The ancient ancestor of all modern tomatoes we are growing (Solanum pimpinellifolium, commonly known as the currant tomato) is showing great promise in disease and cold resistance (now in it’s third generation in our garden). It is a wild species of tomato native to Ecuador and Peru but naturalized elsewhere, such as the Galápagos Islands. Due to agricultural development, the wild currant tomato is becoming less prevalent in the native range of northern Peru and southern Ecuador so I hope to give it a sanctuary here in Canada and share seeds to keep the ancient lineage alive. These progenitor species have a vast potential for genetic variation for breeding new varieties that have disease resistance and other favorable traits.
The Green Tea Plants (Camellia sinensis) we are growing were grown from seed that a friend sent us from the Wuyi Mountains (in the northern part of the Fujian province in China). The seed type is considered as a "Quntizhong" (qúntǐzhǒng) or Heirloom tea cultivar (referred to by the locals as qízhǒng (奇种) or “surprise bush”). This name is said to express the unpredictable variation in the plants’ characteristics from one generation to the next. In a similar fashion to Malus sieversii, that is a common attribute with the undomesticated tea plants that grow in the Wuyi Mountains as many are a mix of highly diverse wild strains that cross breed (which are grown from seed and not cloned/asexually propagated as most tea plants are now a days).
If you enjoyed the content of this post and would like to support my work further you can learn more about my upcoming book here and pre-order a copy here.
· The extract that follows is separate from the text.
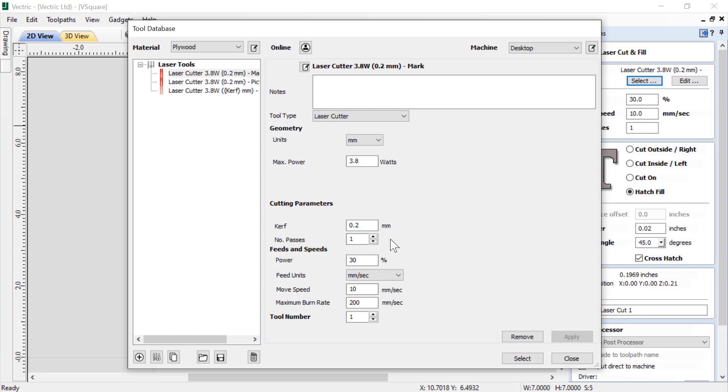The number of passes: you may choose to make several passes of your laser to get the desired result. For example, cutting through a material may take more passes than just etching or burning the surface. Your feeds and speeds — power is the percentage of full power you'd like to use when running this toolpath; this may differ based on how dark or deep you want the engraving to be on each pass. Feed units can be set to whatever is appropriate for your setup. Move speed specifies the speed your machine moves during cutting or engraving moves — you may need to vary this to reduce burning or melting. The maximum burn rate is used by the software to simulate the burn effect in your toolpath preview.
The book contains recipes, forest gardening techniques and info on the history, present day relevance and health benefits offers by other wild progenitor species of our modern day domesticated favorites
Hi! Loved reading this article as I have been living in Kazakhstan for almost ten years now and am familiar with some
of these apples, and have eaten quite a few. Every spring one of my favourite things is to walk into the apple groves when the trees are in blossom. As we have a property in Naramata, BC and would like to plant some Alma-Ata apples, this was an excellent connection for us. If you want to contact me, send an email to: DMMaisonneuve@gmail.com
Beautiful and informative! I found you through Caitlin's Substack. I harvested six bags and two bins of my Mutsu yesterday, feeling like a squirrel hiding nuts as I put most into deep storage in my fridge for the winter. As my friend said, some were as big as a newborn's head! This year my daughter's fiance got the coddling moth trap up in time and I've lost almost none, but I gave him two bags with slight blemishes for his passion, which is cider. Thanks for giving me so much background!